Survei dan Pemetaan Cagar Budaya Bawah Air pada 19 hingga 27 Mei 2015 dilakukan di wilayah Desa Teluk Buton, Kecamatan Bunguran Utara, Natuna. Tim berangkat dari Jakarta menuju Batam. Dari bandara Hang Nadim Batam dilanjutan ke Lanud Ranai di Natuna. Sesampainya di Ranai, kami dijemput oleh Pak Deng. Beliau adalah sosok yang sangat peduli dengan tinggalan purbakala yang tersebar hampir di seluruh pantai di Pulau Natuna. Dari Lanud Ranai, yang merupakan Lapangan Udara milik TNI AU, kami melanjutkan dengan perjalanan darat menuju Desa Teluk Buton. Perjalanan ini sangat menyenangkan, karena selain akses jalan sangat bagus, mata seolah dimanjakan dengan pemandangan yang sangat indah. Hanya beberapa ruas dan satu jembatan saja yang belum selesai.
Sebelumnya kami berkesempatan mengunjungi rumah beliau yang juga berfungsi sebagai museum. Di sana kami bertemu dengan Ibu Nanik, soerang ahli keramik dari Pusat Arkeologi Nasional (Pursarnas) yang sedang melakukan analisis terhadap keramik yang berhasil diselamatkan oleh Pak Deng. Berselang sekitar 1 jam, kami melanjutkan perjalanan ke Teluk Buton. Dalam perjalanan itu, Pak Deng menepikan mobilnya ke sisi kanan. Terlihat sekelompok orang sedang berkumpul di bawah tenda terpal. Mereka adalah peneliti dari Pusat Arkeologi Nasional yang dipimpin oleh Bapak Sony. Terlihat bentangan tambang berwarna kuning menyilang dari barat ke timur dan dari utara ke selatan. Di salah satu sisi terlihat satu kotak gali telah tergali sekitar 20 cm.
Ada yang unik dalam penelitian yang dilakukan oleh Pusarnas ini.
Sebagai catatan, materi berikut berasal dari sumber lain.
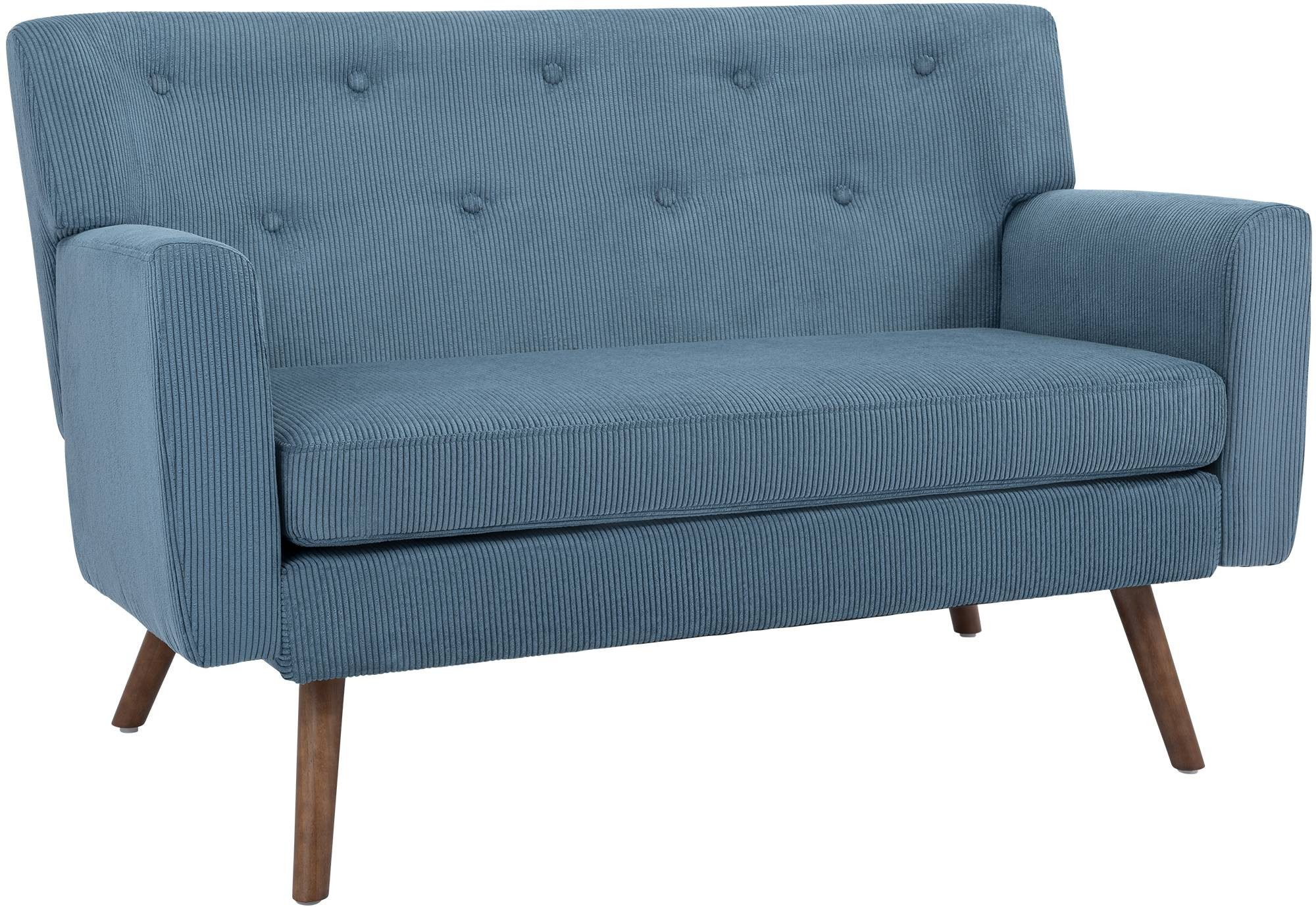 CLP Sofa Kioni, Cordbezug, Kautschukholz, bis 240 kg belastbar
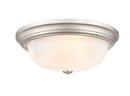 3-Light Flush Mount Ceiling Light in Satin Nickel 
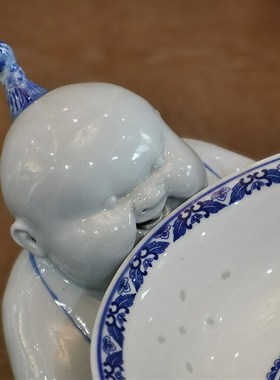 陶瓷人物摆件中国风工艺品中式艺术陶瓷娃娃禅意家居装饰客厅摆设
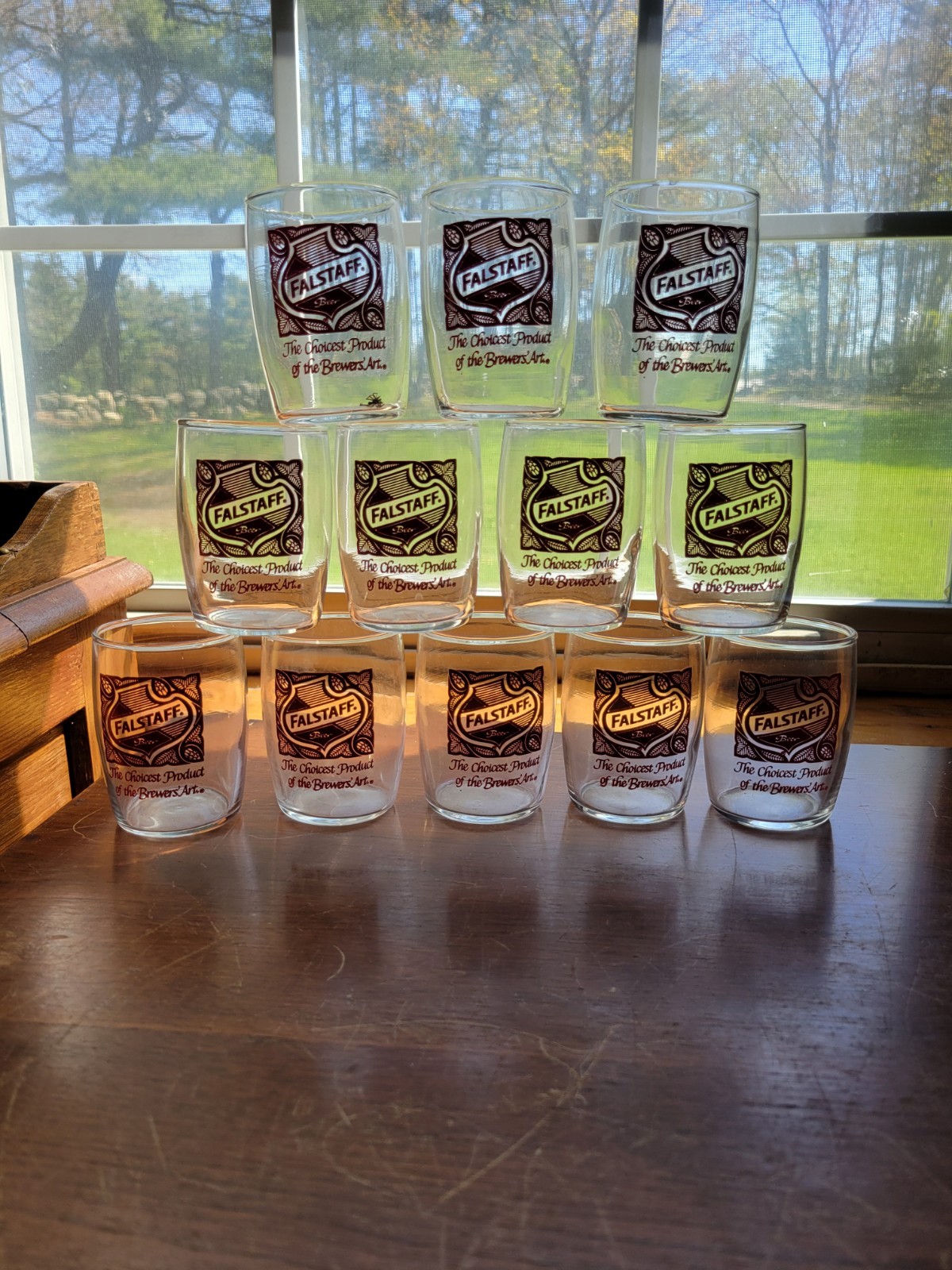 12 Vintage 1960s Souvenir Falstaff Beer Tasting Glass Collectible Clear 3 x 2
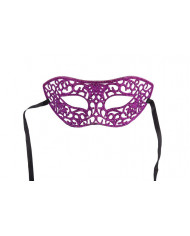 Carved chinless mask with purple glitter, ideal for Halloween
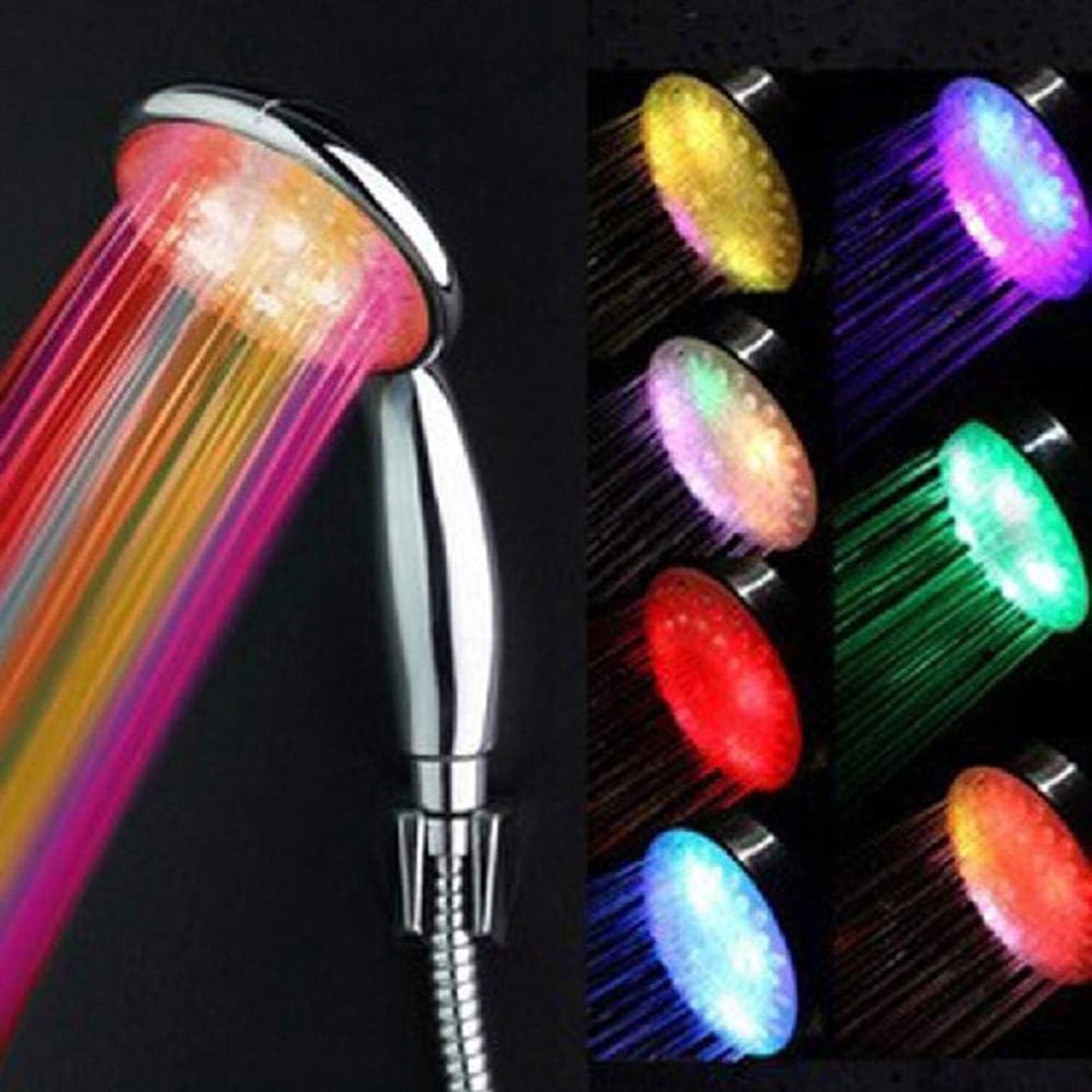 SnelShoppen - Led-douchekop met kleurverandering, temperatuurgevoelig, 7 kleuren, waterbesparend, automatische handdouche, ABS-coating, 25 × 11 × 2 cm
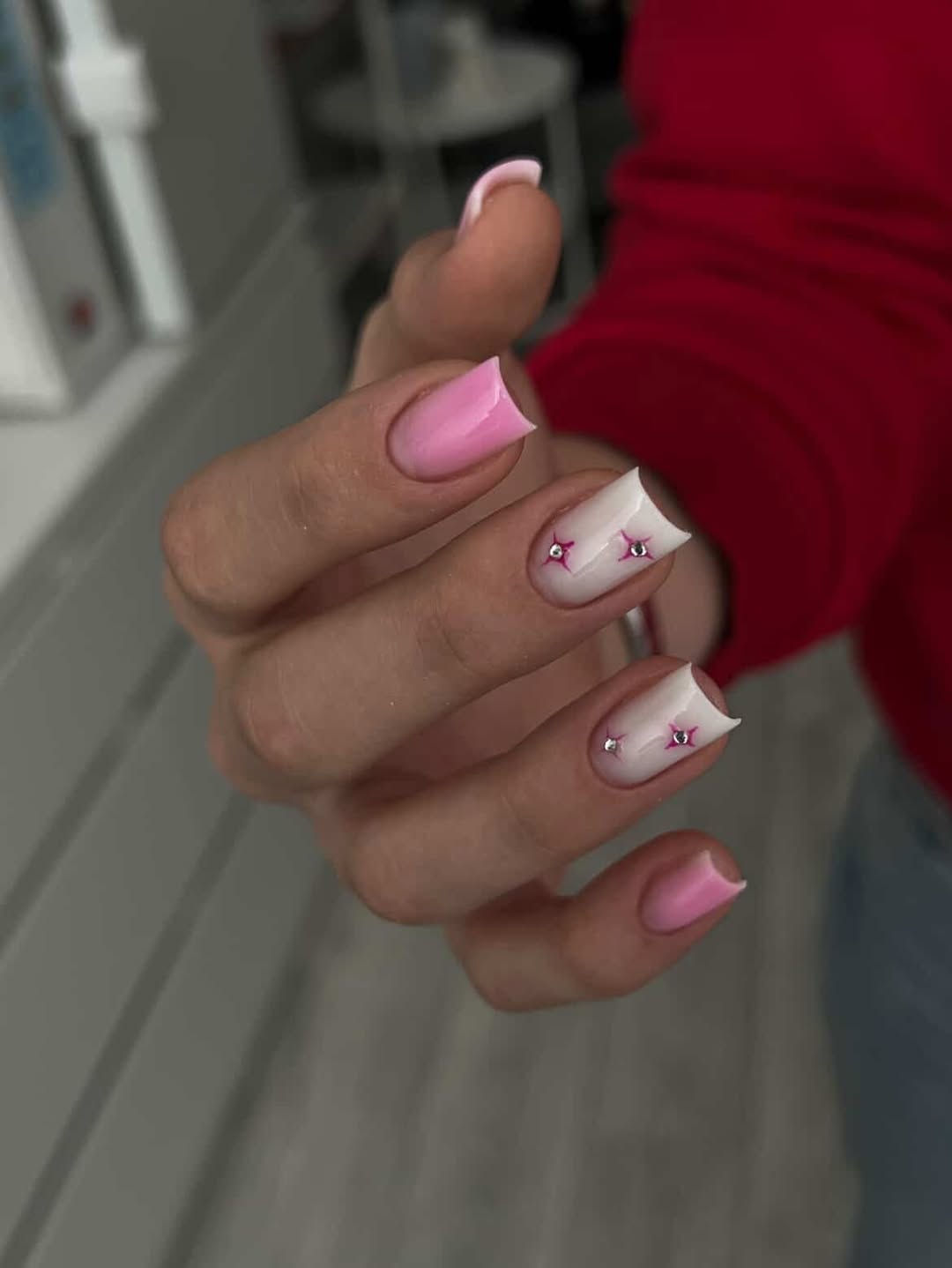 Funky Pink and White Square Tips with Star Charms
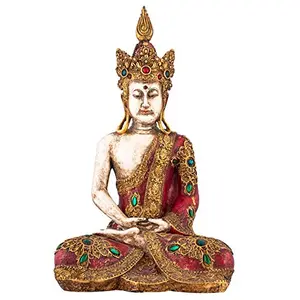 India Luxurious Collection Handcrafted Poly-Resin Elegant Sitting Dhyana Mudra Crown Buddha with Gemstones Work Sculpture | Showpiece for Best Home Decor and Office.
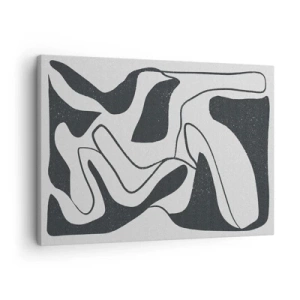 Schilderen op canvas - Zwart-wit abstractie met organische vormen - 70x50cm - Abstract doolhofplezier - Moderne wanddecoratie voor woonkamer en slaapkamer ARTTOR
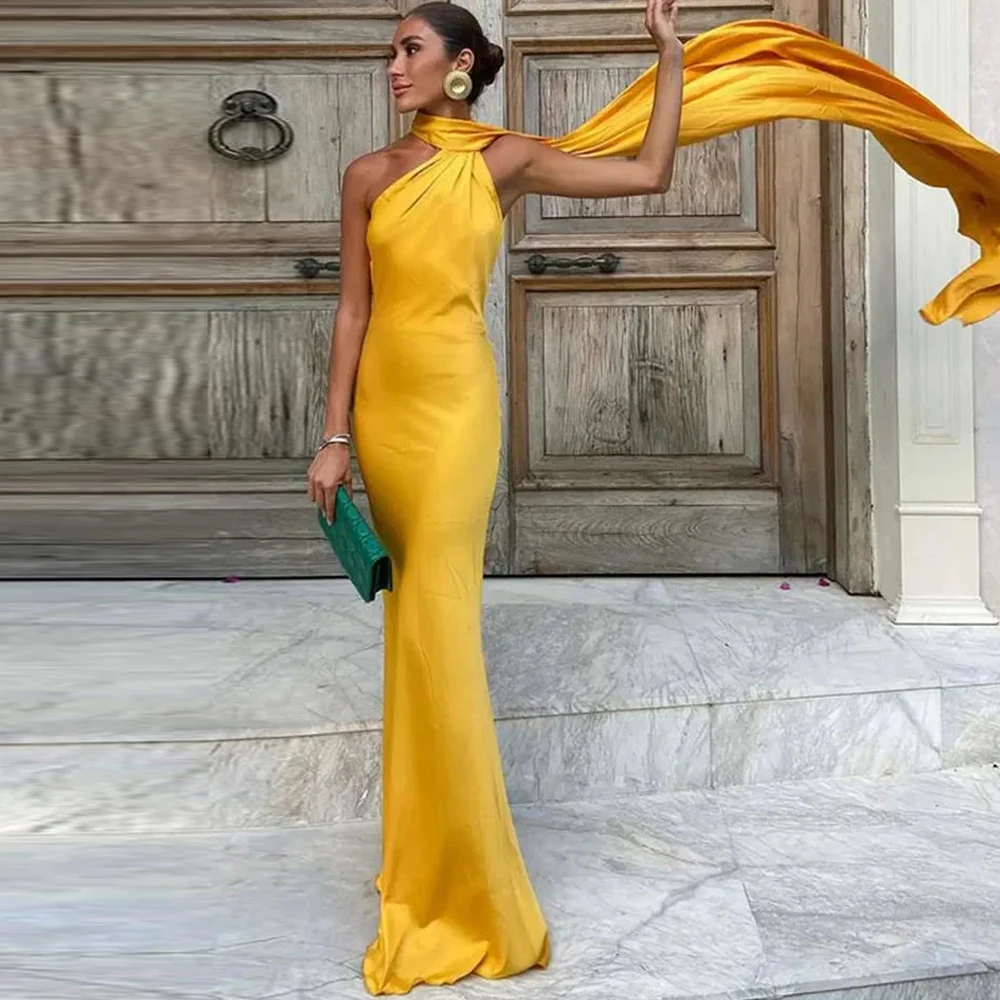 Customized Mermaid Simple Green Satin Evening Dress Modern Halter Homecoming Dresses Luxury Ruched Special Occasion Gowns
Mereka memanfaatkan kepandaian salah seorang penduduk di pulau yang sangat cantik dan masih asri ini untuk mencari posisi yang diduga di dalamnya mengandung temuan keramik. Dia adalah Bapak Abas. Bapak yang berusia sekitar 60 tahunan, tetapi masih tampak segar dan kuat itu menusukan alat yang terbuat dari kawat yang berdiameter sekitar 5 mm dengan panjang sekitar 1 m. pada bagian pangkalnya diberi kayu berdiameter sekitar 3 cm dengan panjang sekitar 40 cm. Pada ujungnya diberi kayu dengan panjang sekitar sejengkal orang dewasa, agar mudah menusukan kawatnya ke dalam tanah.
Pak abas ini sangat ahli dalam melakukan pencarian keramik di bawah tanah. Meskipun tidak terlihat, kawat yang ditusukannya itu seolah dapat merasakan jenis temuan apa yang ada di dalam tanah. Seolah kawat itu adalah bagian dari syarat indra pak Abas. Beliau dapat mengetahui yang disentuh kawat itu keramik, tulang atau temuan lain.
Penduduk di Natuna sudah sangat paham dengan karakteristik temuan keramik yang tersebar di pesisir pantai. Jika mereka menemukan pecahan tempayan, maka pasti ada temuan lainnya, karena tempayan erat kaitannya dengan aktifitas bermukim. Jika ditemukan pecahan atau keramik utuh yang berhubungan dengan perilaku makan dan minum, maka dapat diduga tidak jauh dari tempat itu ada temuan lain yang memiliki temuan sejenis, tambah Pak Deng. Bahkan Bapak Abas dengan kawat besinya dapat menduka bahwa keramik yang disentuhnya itu keramik untuk aktifitas sehari-hari atau keramik yang digunakan sebagai bekal kubur.
Pukul 13.00 kami melanjutkan perjalanan ke Teluk Buton. Perjalanan ini kami tempuh sekitar 1 jam. Sesampainya di Teluk Buton, kami mendapati kawan-kawan kami yang berangkat pada Selasa, 19 Mei terlihat di Dermaga kecil di depan rumah Kepala Desa yang telah berubah menjadi basecamp. Ternyata arus laut siang ini terlalu besas untuk penyelaman. Dalam diskusi kecil di teras rumah kepala desa ini diputuskan penyelaman akan dilakukan siang hari besok setelah shalat Jumat.